- Born: 29 June 1976 (age 49) Leeds, England
- Occupation: Actress
- Years active: 1999–present
- Children: 1

= Kelli Hollis =

British actress (born 1976)

Kelli Hollis (born 29 June 1976) is an English actress, known for playing Tina Crabtree in the three Channel 4 related films, shop owner Yvonne Karib in Channel 4's comedy-drama Shameless and then as Ali Spencer in ITV's long-running soap opera Emmerdale.

==Career==
After a small role in Emmerdale as Melanie Say in 2002, Hollis portrayed Yvonne Karib in Shameless for six years, starting in 2004. She also played the character of Tina Crabtree in two television dramas, Tina Goes Shopping (1999), Tina Takes a Break (2001) as well as Mischief Night (2006) which was a cinema-released feature film, all three were directed by Penny Woolcock.
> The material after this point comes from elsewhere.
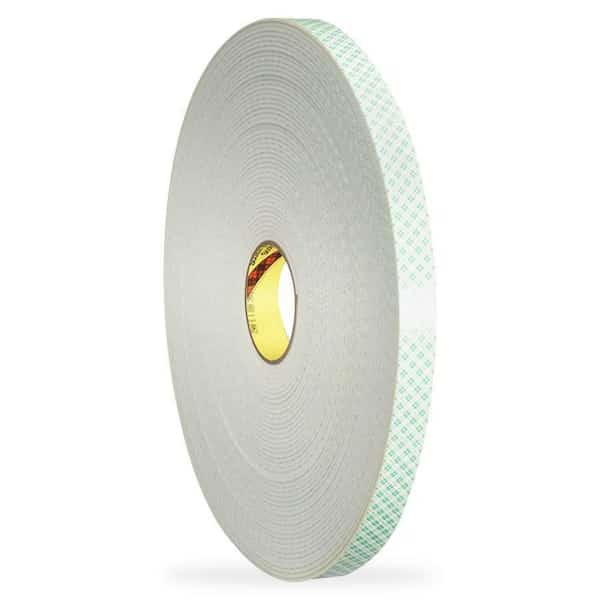 Double-Sided Foam Tape, 3/4 in W, 5 yd L, 1/8 in, Polyurethane Foam, Double-Sided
Hollis also portrayed Maggie Simms in the 5Star prison drama Clink, as well as loan shark Linda in the Channel 4 drama Ackley Bridge. Additionally, Hollis appeared in two episodes of the television series Dalziel and Pascoe, as the character Bridget Croft. She also appeared in BBC1 drama Waterloo Road, as Chantel and as Anne West in the TV film See No Evil about the Moors Murders. She also appeared in the female football drama Playing the Field. In May 2020, she appeared in an episode of the BBC soap opera Doctors as Rachel Edwards.
In February 2026. Hollis joined the cast of Coronation Street for a short guest role, playing Paula a prisoner who is in jail alongside Debbie Webster.

== Personal life ==
In 2024, Hollis relocated to Pattaya, Thailand, where she established a cannabis business named La Choza Pratumnak, following the legalisation of marijuana in the country. The venture was inspired by her and her partner’s growing connection to the area and their decision to settle there permanently. Hollis has described the move as part of a broader lifestyle change, opting for a quieter life away from the UK entertainment industry.